Pasear, sentarse en una terraza, ir al cine. Va uno quemando el verano como puede, hasta que comience el tiempo de la evasión y entonces sí, entonces viajaremos por ahí. Pasear, como siempre, por Huertas y el entorno de Sol. Tropezarse, a cada paso, con gente rara, tipos tan escalofriantemente extraños que parecen surgidos de una pesadilla, de un circo de variedades. Melenas foscas y horribles, miopías brutales, bigotes imposibles, indumentarias a las que sólo haríamos un hueco en la hoguera. Los transeúntes se detienen en las esquinas, asombrados. Uno mira hacia donde miran y ve que sólo se paran a mirar a las estatuas humanas: una chica vestida de novia, un hombre disfrazado de Don Quijote, cosas así. Cruzar a la otra acera y, al hacerlo, observar a un joven con maneras de Correcaminos, con tres policías tras él, pisándole los talones, a la manera de “Reservoir Dogs” cuando ya han atracado el banco y vemos a Steve Buscemi (Señor Rosa) quemar suelas por la calle. La escena se parece, pero nadie ha desenfundado la pistola ni hay tiros, lo cual agradecemos mucho. Ya sé que uno podría entorpecer la fuga del tipo, ponerle la zancadilla y ayudar a la policía. Pero uno no se quiere meter en líos y, además, ¿quién dice que el perseguido es culpable? Los fugitivos no siempre son culpables. Tendrán sus razones para huir.
Sentarse en una terraza a pasar las horas. Los camareros hindúes son eficaces en el trato: están atentos para ofrecerte una mesa, si falta una silla se encargan de sacársela de la manga para que todo el mundo pueda sentarse, y, aunque a veces no entienden un carajo, siempre sonríen, que es algo que alegra la tarde. Vayas donde vayas, mires donde mires, sólo ves gente comiendo: comiendo en las barras de los bares, en las terrazas, en los cines, en los parques, en las plazas. A menudo la calle es una procesión de personas moviendo el bigote. Da igual la hora: cinco de la tarde, siete, ocho, diez, doce o una. En España cada cual va a su ritmo, come cuando se le antoja.

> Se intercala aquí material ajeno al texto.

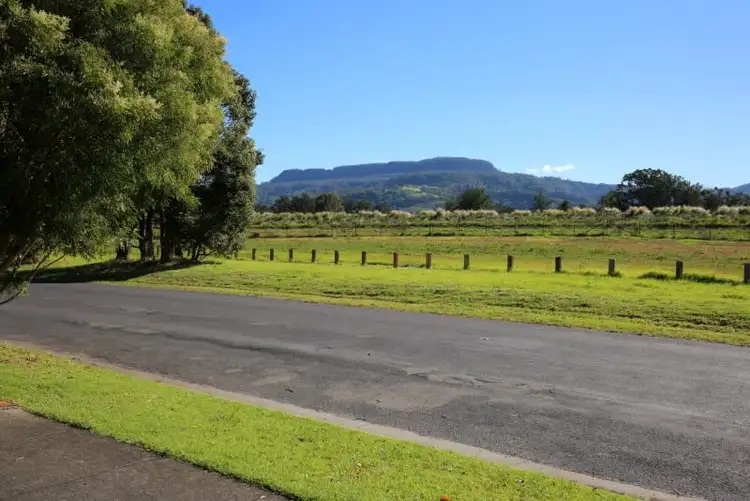 Third view of Homely unit listing, 3/132 North Street, Berry NSW 2535
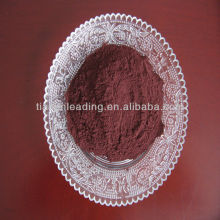 BISMARK BROWN G, BASIC BROWN 1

Ir al cine, pero no acertar con la película. Ir a ver la última de Harry Potter y aburrirse como una soberana ostra: y sé que por esto aumentará el número de mis enemigos, pero antes dejen que me explique. Me gusta ir a ver las de Harry Potter por dos razones poderosas: de algún modo me hacen revivir la infancia, aunque mis héroes combatían en un escenario de cartón piedra; y salen los mejores actores británicos, porque por aquí han desfilado Ralph Fiennes, Richard Harris, Michael Gambon, Emma Thompson, Brendan Gleeson, Gary Oldman, Julie Christie, Kenneth Branagh, Jason Isaacs, Alan Rickman, Helena Bonham Carter, David Thewlis, Maggie Smith, Miranda Richardson, Fiona Shaw y John Hurt. Casi nada, oiga. El problema de Potter, y espero que mis primas pequeñas me perdonen, es similar al de la saga de James Bond: si el director es bueno, sales encantado del cine aunque el filme se te olvide diez minutos después; si el director es malo, te hace una patata que no salva el reparto ni los efectos especiales. Pensemos en la saga del mago. Las dos primeras las dirigió Chris Columbus, quizá el tío más pasteloso de la historia, especialista en merengue familiar, pero que estuvo a la altura: las dos son entretenidas. La tercera y la cuarta son de Alfonso Cuarón y Mike Newell, respectivamente: dos grandes directores que han logrado las mejores secuelas de la saga. La de Newell es fantástica. Pero en la última han dejado el timón en manos de David Yates, que viene de la tele y aporta dos horas y media de bostezos, poca acción y apenas aventura. Y, si se fijan bien, en esta entrega los niños ya se afeitan: en el cuello les despuntan los cañones de la barba.